→ About this task: Please report how many lines in the following material hold the string "with", giving only the number.

→ Records for the task:
# # # #
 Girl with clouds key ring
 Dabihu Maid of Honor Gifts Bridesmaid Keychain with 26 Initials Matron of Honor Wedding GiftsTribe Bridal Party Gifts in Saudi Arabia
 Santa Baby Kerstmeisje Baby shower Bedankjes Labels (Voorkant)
# # # #
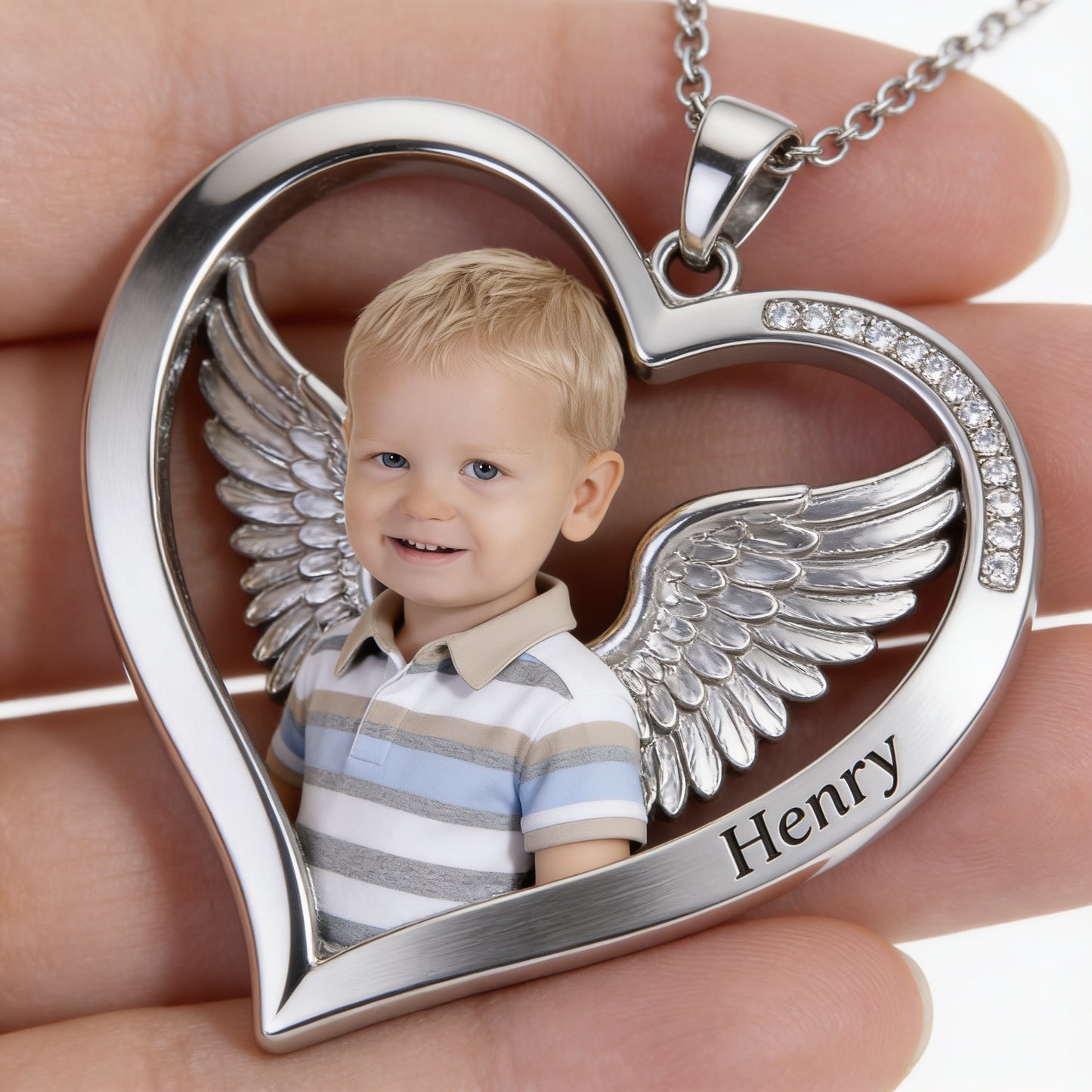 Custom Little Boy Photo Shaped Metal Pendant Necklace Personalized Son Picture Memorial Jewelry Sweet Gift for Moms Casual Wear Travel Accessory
# # # #
→ Answer below: 2